E-Labor II: Datenerfassung leicht gemacht

Mit dem »E-Labor II« bietet Rhothron ein universelles Multifunktions-Interface für Hardware-Bastler, die ihren Computer zum Meßsystem erweitern wollen.

Kunststoffgehäuse für »E-Labor II«, die Platine alleine als Grundversion
Die Software wertet die Daten während der Messung aus

Die Firma Rhothron hat sich in der Atari-Szene einen Namen durch hochwertige Steuer- und Regeltechnik gemacht, sowie mit Hardware-Erweiterungen und professionellen Atari-Umbauten (19-Zoll-Rack etc.). Seit einiger Zeit vertreibt Rhothron auch das E-Labor II, das im Vergleich zum Vorgängermodell in Hard- und Software um viele interessante Features bereichert wurde.

Die Zielgruppe, für die das E-Labor entwickelt wurde, ist mit Sicherheit nicht beim professionellen Elektroniker zu finden, sondern viel eher beim lernenden Studenten, der seine Meßwerte auf komfortable Weise erfassen will bzw. einen Funktionsgenerator benötigt.

Das E-Labor II präsentiert sich in einem fast quadratischen und ebenso eleganten wie soliden Tischgehäuse und findet über ein externes ROM-Port-Interface Anschluß an den Computer. Die verschiedenen I/O-Buchsen sind an der Vorderseite des Gehäuses angebracht, so daß sich das Meßlabor auch bei Platzmangel schnell in den Atari-Gerätepark integrieren läßt. Allerdings ist der Anschluß der Interfacebox an den ROM-Port etwas gewöhnungsbedürftig und umständlich, da die extrem kurzen und unflexiblen (Flachband)Kabel immer wieder zu entnervendem Geräteschieben veranlassen. Laut Herstellerauskunft ist aber bereits ein Redesign der Interfacebox in Arbeit.

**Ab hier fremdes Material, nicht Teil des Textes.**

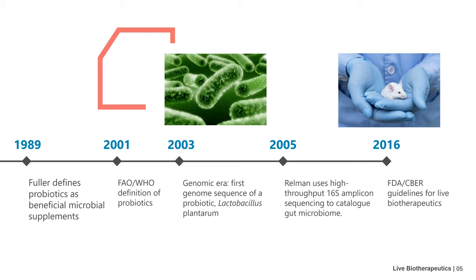Until 2001, the FAO and WHO gave a clear definition of probiotics: living microorganisms whose appropriate consumption is beneficial for human health. In 2003, the whole genome sequencing of the first probiotic strain was completed, marking the arrival of the probiotics genome age. In 2016, the FDA and CBER issued guidelines for live biotherapeutics, affirming the medicinal value of next generation probiotics.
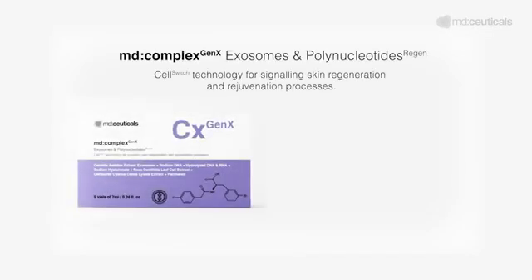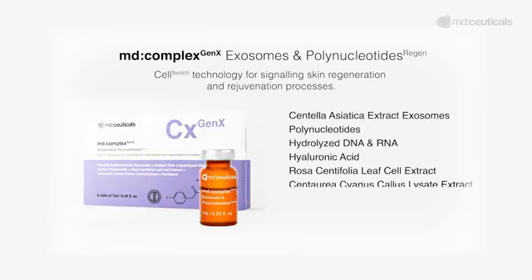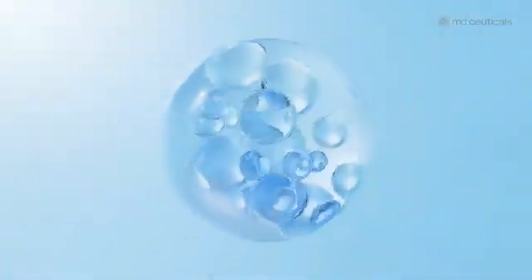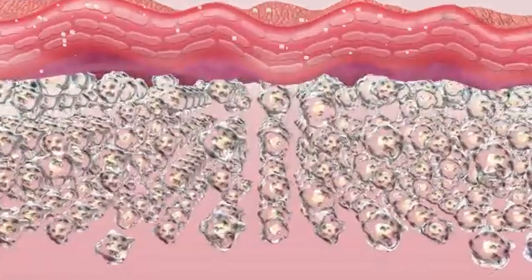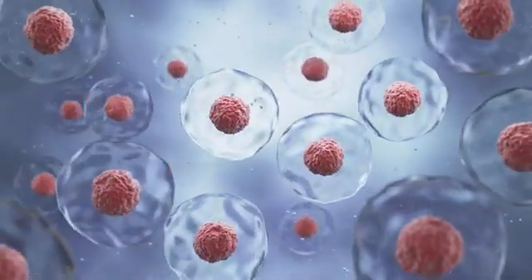Introducing MD-Complex Gen-X Exosomes and Polynucleotides, a breakthrough in universal skin rejuvenation. This cutting-edge cocktail combines the cell-signaling power of exosomes, polynucleotides, stem cells, and growth factors with the firming and hydrating effects of hyaluronic acid. Together, these advanced ingredients work to stimulate tissue repair and encourage the restoration and regeneration of the skin from within.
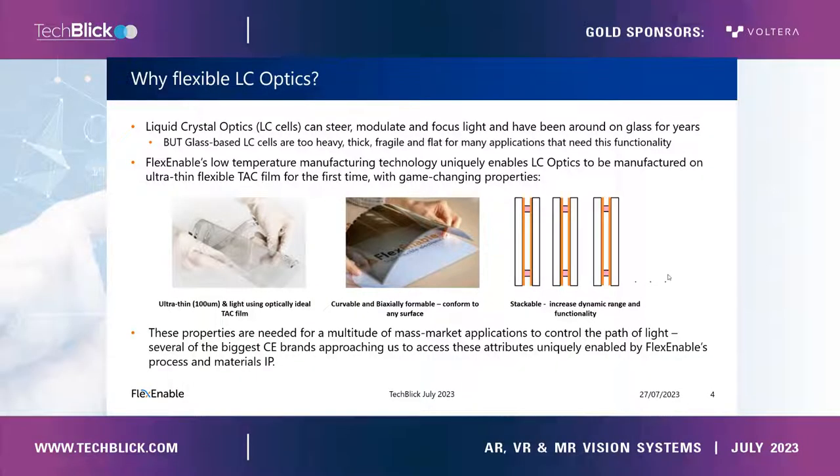Building these cells on ultra-thin plastic films instead of glass allows the cells to be very thin, making them very light. That means they can be wrapped around surfaces such as a cylinder, and more than that, they can be wrapped around biaxially curved surfaces such as that of a sphere. And because they are so thin, they can be stacked or laminated together, either to increase the dynamic range of a particular optical function or to increase the range of functions that the compound stack of films offers.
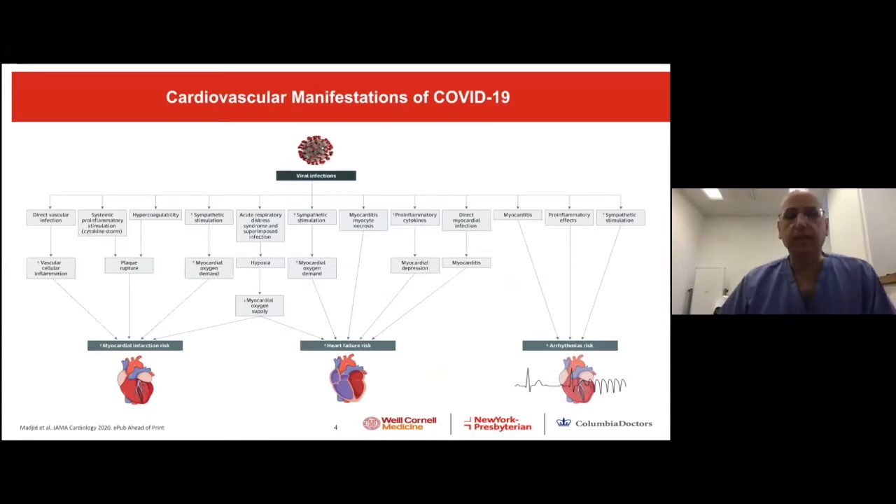So what is COVID-19 and cardiovascular manifestation? There are many ways the virus can affect the heart, but we can lump them into three big groups. One is myocardial infarction — something that mimics MI — due to hypercoagulability associated with the disease, direct vascular infection, and systemic pro-inflammatory stimulation, the cytokine storm. All of those can cause plaque rupture and eventually real myocardial infarction.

Das E-Labor II bietet vier gemultiplexte analoge Eingänge (BNC-Buchsen), die mit 8-Bit-Auflösung abgetastet werden. Über die Software lassen sich dazu an jedem Eingang (Ri größer 10k) die Spannungsbereiche 0 bis +250mV, 0 bis 2,5V, 0 bis 9,25V und 0 bis 25V einstellen. Über einen Widerstand kann auch ein Strom von 0 bis 25mA, 0 bis 250mA sowie 0 bis 2,5A abgefragt werden. Auf Wunsch sind alle diese Eingänge auch als bipolare Ausführungen erhältlich, beispielsweise von -2,5V bis +2,5V.

Die maximale Meßgenauigkeit liegt mit 2mV in einem Bereich, der bei mittleren Anforderungen durchaus akzeptabel ist. Auch die Wandlungszeit ist mit 2us (500kHz) zumindest für Anwendungen im NF-Bereich völlig ausreichend.

Bei den vier gemultiplexten analogen Ausgängen, die wie die Analog-Eingänge in Form von vier BNC-Buchsen an der Frontplatte erscheinen, handelt es sich ebenfalls um 8-Bit-D/A-gewandelte analoge Ausgänge. Ihr Spannungsbereich ist festgelegt auf 0 bis 2,5V, bzw. in der bipolaren Ausführung auf -2,5V bis +2,5V. Die Ausgangs-Impedanz liegt ebenfalls bei Werten größer lOkOhm, wobei die Einschwingzeit des Wandlers maximal 1us beträgt.

Beim einkanaligen Zähler-Eingang handelt es sich um einen TTL-kompatiblen Zähler, mit dem sich Frequenzen bis 20 MHz erfassen lassen. Die Meßzeit beträgt 0,1s bzw. ls mit einer Auflösung von 10Hz bzw. 1 Hz. Die Impulsbreiten liegen mit 8us bis 62s in einem Bereich, der die meisten Anwendungen abdecken dürfte. Auch eine Ereigniszählung von 1 bis 1 hoch 24 ist möglich.

Der Rechteck-Ausgang ist TTL-kompatibel und besitzt eine über die Software einstellbare Frequenz von 62,5 kHz bis 0,001Hz sowie eine Auflösung von 16 us.

Für einfache Schaltfunktionen verfügt das E-Labor über vier Relais-Ausgänge (steckbare Lüsterklemmen), die Belastungen bis zu 5A bei 250V AC bzw. 60V DC standhalten. Die Schaltzeit beträgt weniger als 100ms. Die übrigen Lüsterklemmen an der Frontplatte dienen als digitale Opto-Eingänge (zwei Kanäle) mit einem Eingangspegel von 0 bis 5V und einem Eingangsstrom von weniger als 5mA. Spannungen kleiner 2,4V werden hierbei als Low und Spannungen größer 4V als High interpretiert.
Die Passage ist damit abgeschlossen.